EXERCISE DETAILS> Print every entry word for word, but omit the pictures.

(Captioned web image data)

+++

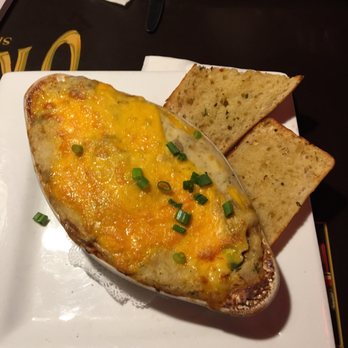 O'Keefe's Tavern - American Near Me - Clearwater, Florida O'Keefe's Tavern - American Near Me - Clearwater, Florida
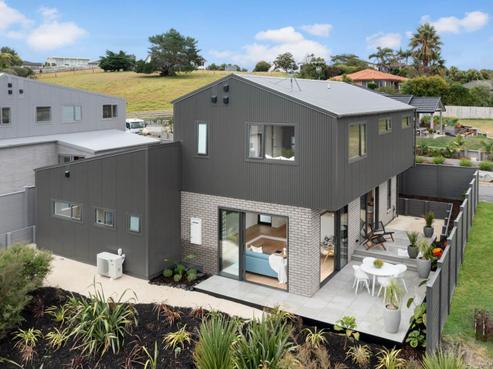 6 Odlin Lane, Red Beach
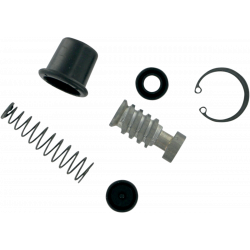 Kit Reconditionnement Maître-Cylindre de Frein Arrière Moose pour TRX 400 Sportrax EX (99-08)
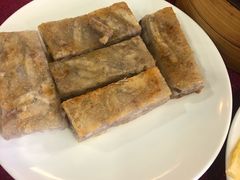 -金苑海鲜酒家(新港中路店)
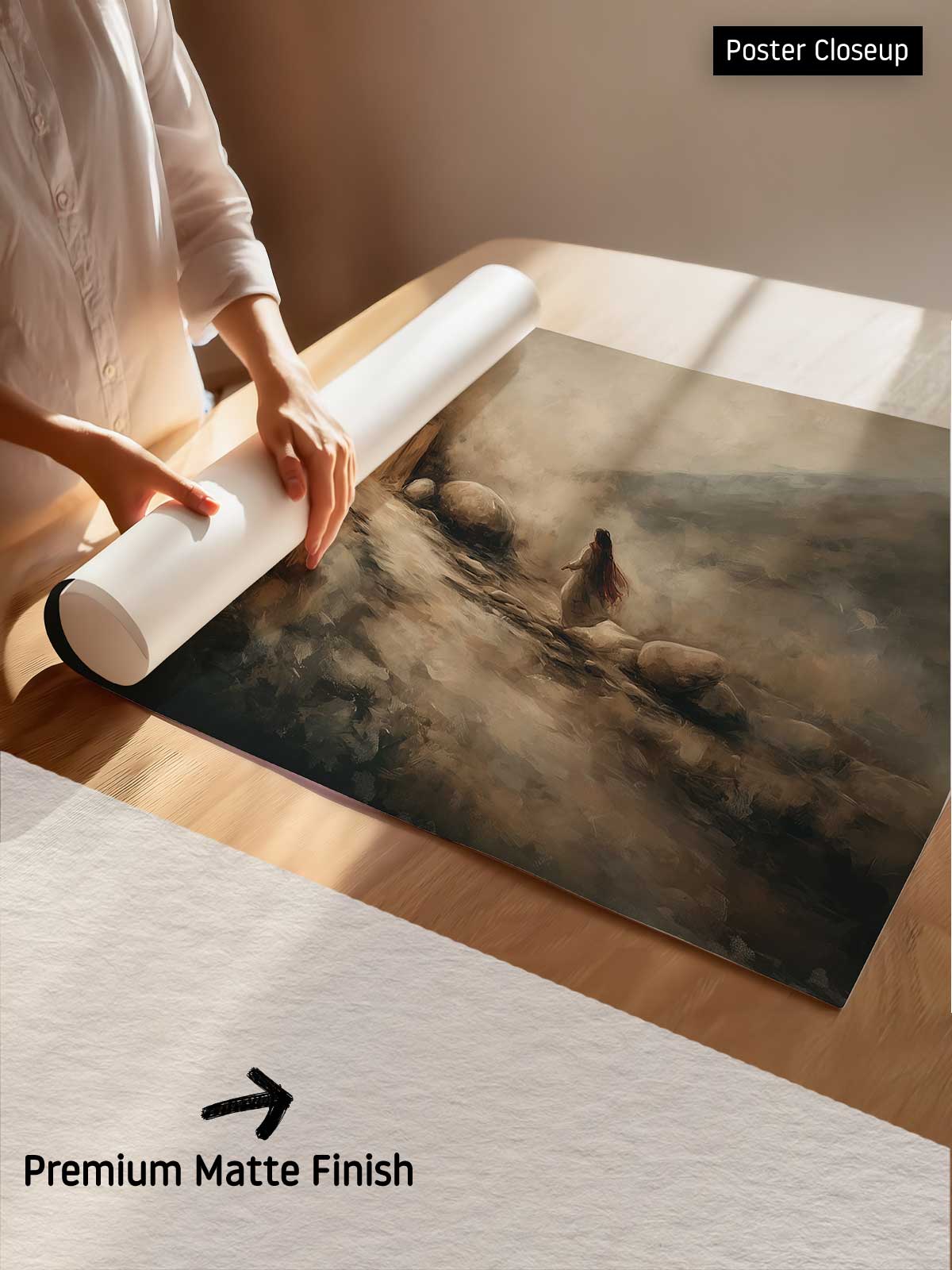 [4]-Model-Rolling-Poster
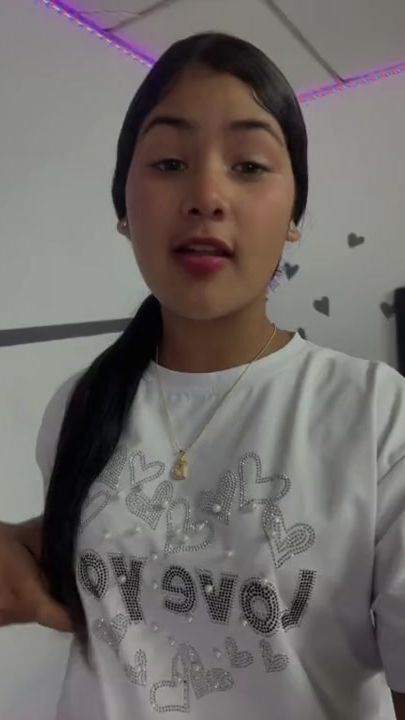 TikTok video thumbnail by rubilys.davila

+++

TASK OUTPUT>
 O'Keefe's Tavern - American Near Me - Clearwater, Florida O'Keefe's Tavern - American Near Me - Clearwater, Florida
 6 Odlin Lane, Red Beach
 Kit Reconditionnement Maître-Cylindre de Frein Arrière Moose pour TRX 400 Sportrax EX (99-08)
 -金苑海鲜酒家(新港中路店)
 [4]-Model-Rolling-Poster
 TikTok video thumbnail by rubilys.davila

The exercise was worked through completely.